Here are some fun facts about roly polies that you may not know:
- They are found in most regions of the world and live in moist dark areas, under rocks, bark, leaves and logs.
- They like to eat decaying plants or other vegetation. (What other creatures eat this type of food? Extend your science activity by setting out a fresh carrot with a rotten carrot and see which one the Pill Bugs will eat.)
- Pill bugs have three body parts, seven pairs of legs, two antennae and two eyes. They are ¼ to ½ of an inch in length and can roll into a ball when frightened. These are great facts to discover with your children. Bring out the magnifying glasses!
- Pill bugs are actually not bugs, they are crustaceans. They are related to shrimp and crayfish, breathe with gills, and need humidity or moisture to survive. You can explore other types of crustaceans with children as well.
- The pill bug goes through two stages of development: egg and adult. The female can lay up to 100 eggs, which are held in a pouch (like a kangaroo). After about two months as an egg, they hatch and emerge as a tiny adult. They grow by molting (shedding their skin) and can live up to three years. Good information to research with children. Try checking out a book about pill bugs.
You can explore habitats of all kinds of animals, bugs, or crustaceans. Try creating a roly poly habitat with children out of found materials. However, you also want to help children respect animals and their natural habitats. So make sure they know you ALWAYS put animals back in their natural habitats at the end of every day.
Explore your neighborhood or back yard if available and find leaf or petals, then once inside have fun with these 5 activities
- SORTING: Ask the children to sort the leaves and petals any way they want and then explain to the other children what their sorting rule was. (For example, one child might sort by color while another sorts by shape).
- COUNTING: Count the leaves and petals that each child has collected, or the number of leaves or petals in each category from the sorting activity above.
- RUBBING: Create leaf rubbing by placing paper on top of a leaf with the vein side up and using the side of a peeled crayon to rub over the leaf onto the paper and reveal the vein pattern.
- PRESSING: Have children arrange leaves and petals on a piece of waxed paper and place another sheet of waxed paper over the top. A grown up can use an iron to press the waxed paper pieces together sealing the leaves inside. (Clear contact paper could also be used).
- CREATING: Children can glue leaves and petals to paper in arrangements that look like insects, animals, birds, or whatever they imagine. They can use markers to add details to their creation.
Do you have a fence in your yard?
If you do, you can give children yarn, fabric scraps, streamers, paper strips, and more, to create a weaving in the fence.

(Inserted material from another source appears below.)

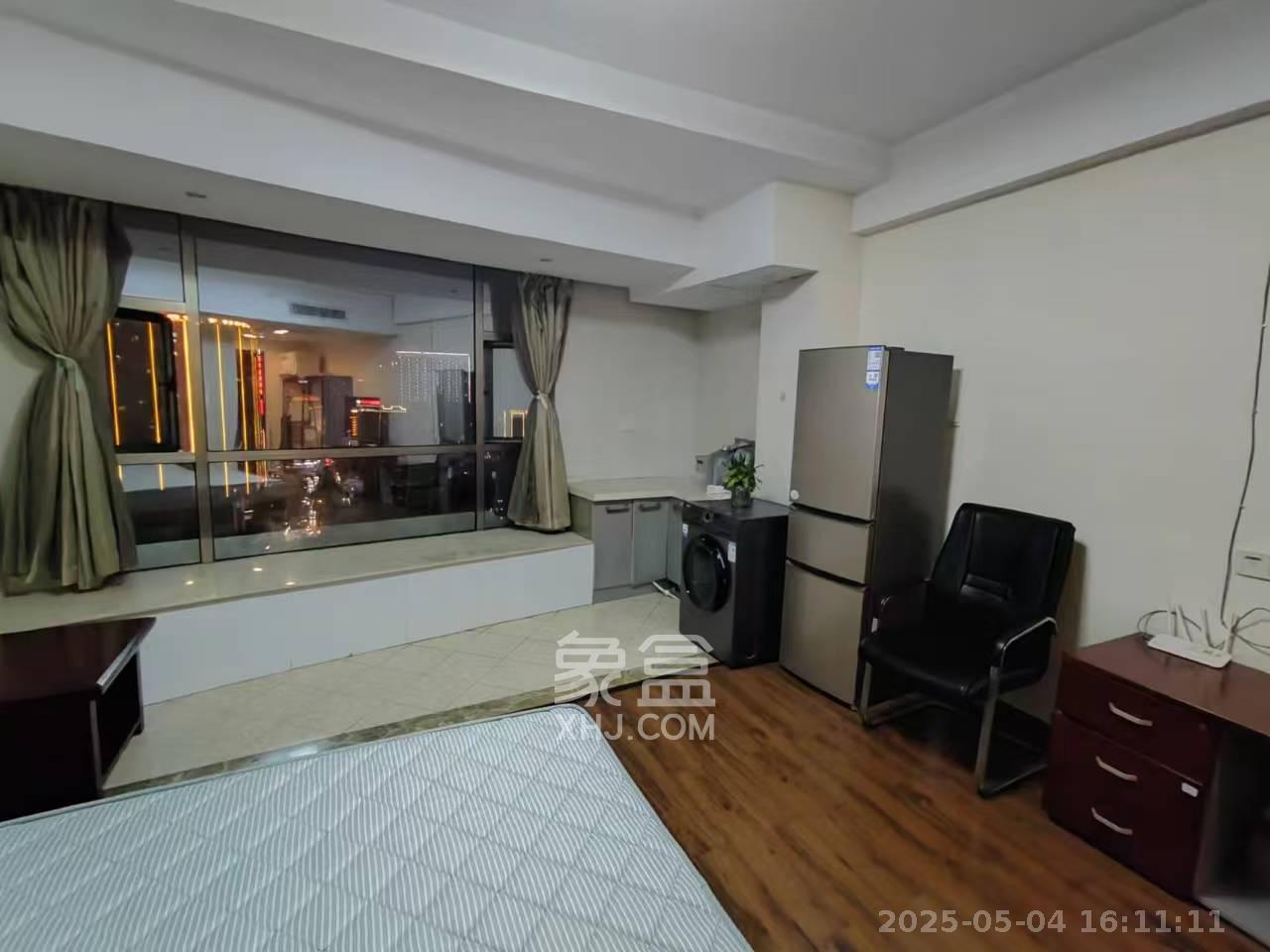 泉昇同福大厦  1室1厅1卫   1600.00元/月室内图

After children have a chance to explore and get the idea about how to weave the material in the fence openings, you can encourage them to create patterns or scenes.
Goal: Children will refine fine motor skills while creating a pattern through weaving.
Make homemade bubble solution with liquid dish soap and water. Start with a cup of water and a tablespoon or two of dish soap (Dawn seems to be the most popular choice for making bubble solution) and mix. You can add a little corn syrup or dissolve some sugar in the water to make the bubbles last longer. You can use wands you already have or children can create their own with pipe cleaners or flexible wire.
Goal: Children will experiment with creating bubbles that are different sizes and observe changes from the bubble solution to bubbles to bubbles as they pop.